The Trust Indenture Act of 1939 (TIA), codified at , supplements the Securities Act of 1933 in the case of the distribution of debt securities in the United States. Generally speaking, the TIA requires the appointment of a suitably independent and qualified trustee to act for the benefit of the holders of the securities, and specifies various substantive provisions for the trust indenture that must be entered into by the issuer and the trustee. The TIA is administered by the U.S. Securities and Exchange Commission (SEC), which has made various regulations under the act.

== History ==
Section 211 of The Securities Exchange Act of 1934 mandated that the SEC conduct various studies. Although not expressly required to study the trustee system then in use for the issuance of debt securities, William O. Douglas, who would later become a Commissioner and then Chair of the SEC, was convinced by November 1934 that the system needed legislative reform. In June 1936, the Protective Committee Study, headed by Douglas, published its report Trustees Under Indentures. It recommended that:

1. trustees of indentures be disqualified where they have or acquire conflicts of interest incompatible with their fiduciary obligations;
2. they be transformed into active trustees with respect to their obligations; and
3. legislation separate from the Securities Exchange Act of 1934 would be more appropriate to govern this matter.

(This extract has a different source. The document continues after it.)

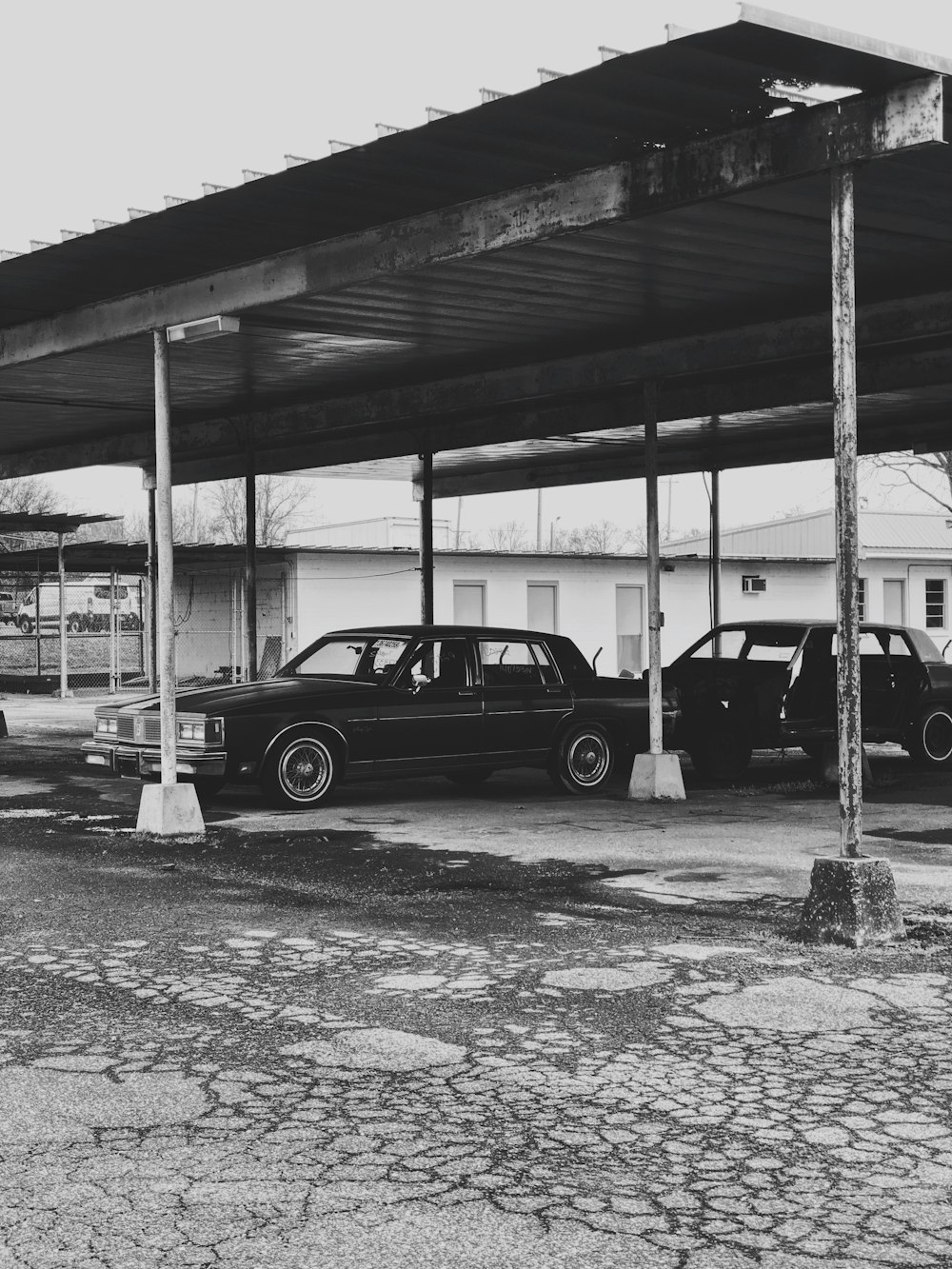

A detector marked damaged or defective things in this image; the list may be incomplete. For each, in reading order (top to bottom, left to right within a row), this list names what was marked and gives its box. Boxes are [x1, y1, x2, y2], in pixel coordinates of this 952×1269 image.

cracked asphalt [1, 701, 952, 1264]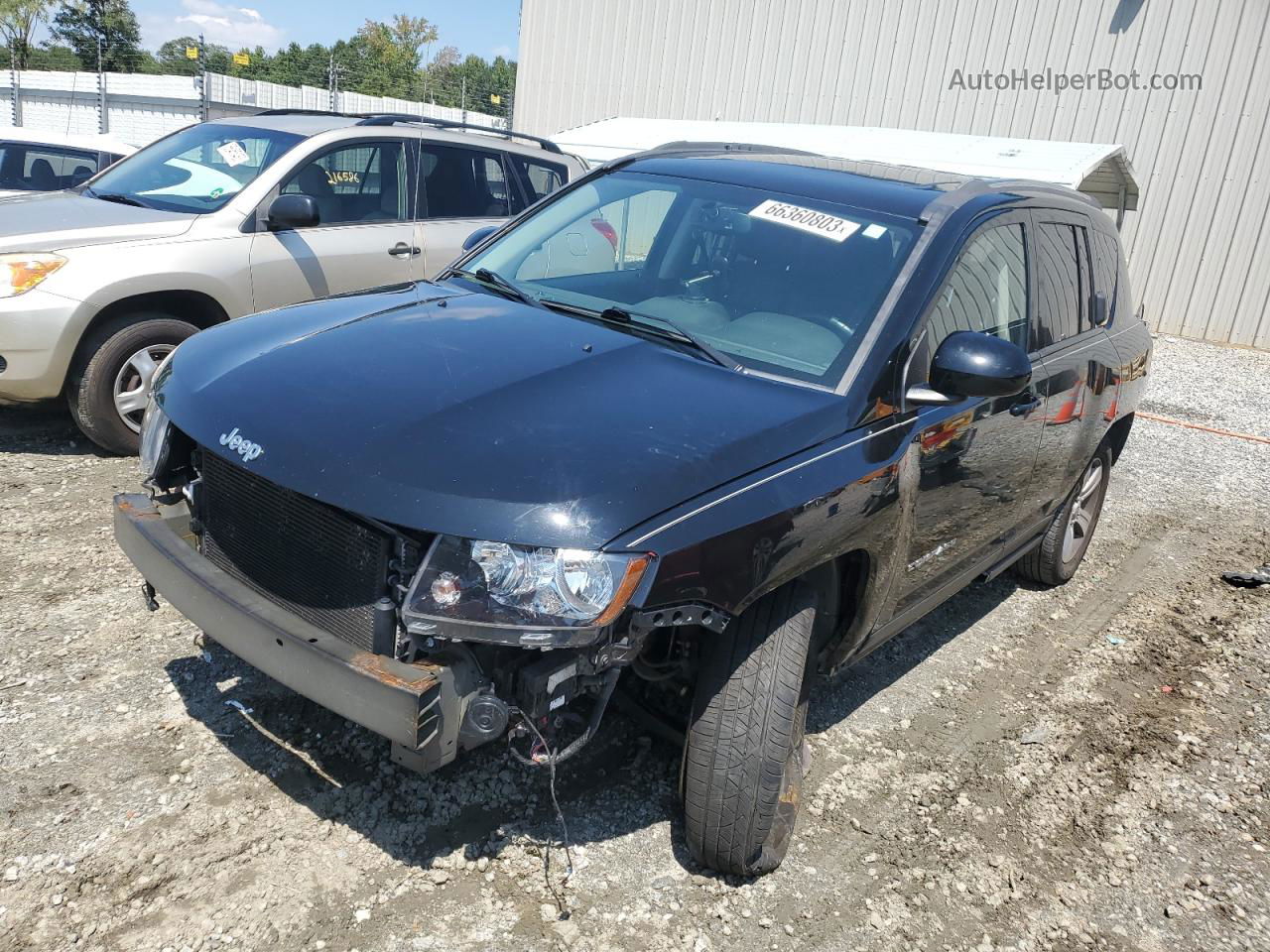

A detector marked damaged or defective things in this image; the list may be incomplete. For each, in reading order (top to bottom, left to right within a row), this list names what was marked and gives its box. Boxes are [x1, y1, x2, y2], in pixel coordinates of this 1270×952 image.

damaged front end [119, 428, 705, 776]
cracked headlight lens [404, 533, 650, 637]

The Trust Indenture Act was subsequently passed and signed into law in August 1939. Its legislative history shows that that Congress intended to address deficiencies prevalent in trust indentures at the time:

- the failure of indentures to require evidence of an obligor’s performance thereunder,
- the lack of disclosure and reporting requirements, and
- the presence of significant obstacles to collective bondholder action.

== Framework ==

=== Regulatory ===
Subject to certain exceptions, it is unlawful for any person to sell notes, bonds, or debentures in interstate commerce unless the security has been issued under an indenture and qualified under the Act. Trustees appointed under such indentures have specified duties:

- § 314(d) requires certificates and opinions as to the fair value of the collateral being released, but relief in the form of a "no-action letter" is available from the SEC in certain circumstances
- § 313(b) requires specified reports to holders with respect to the release of collateral

Complications as to financial reporting requirements can arise where the indentures are secured by a pledge of stock, in which case Rule 3-16 of Regulation S-X may come into play. Many issuers attempt to mitigate the impact by inserting "collateral cut-back" provisions into their indentures, but the SEC has not endorsed the concept that such a cut-back does not constitute a release of collateral.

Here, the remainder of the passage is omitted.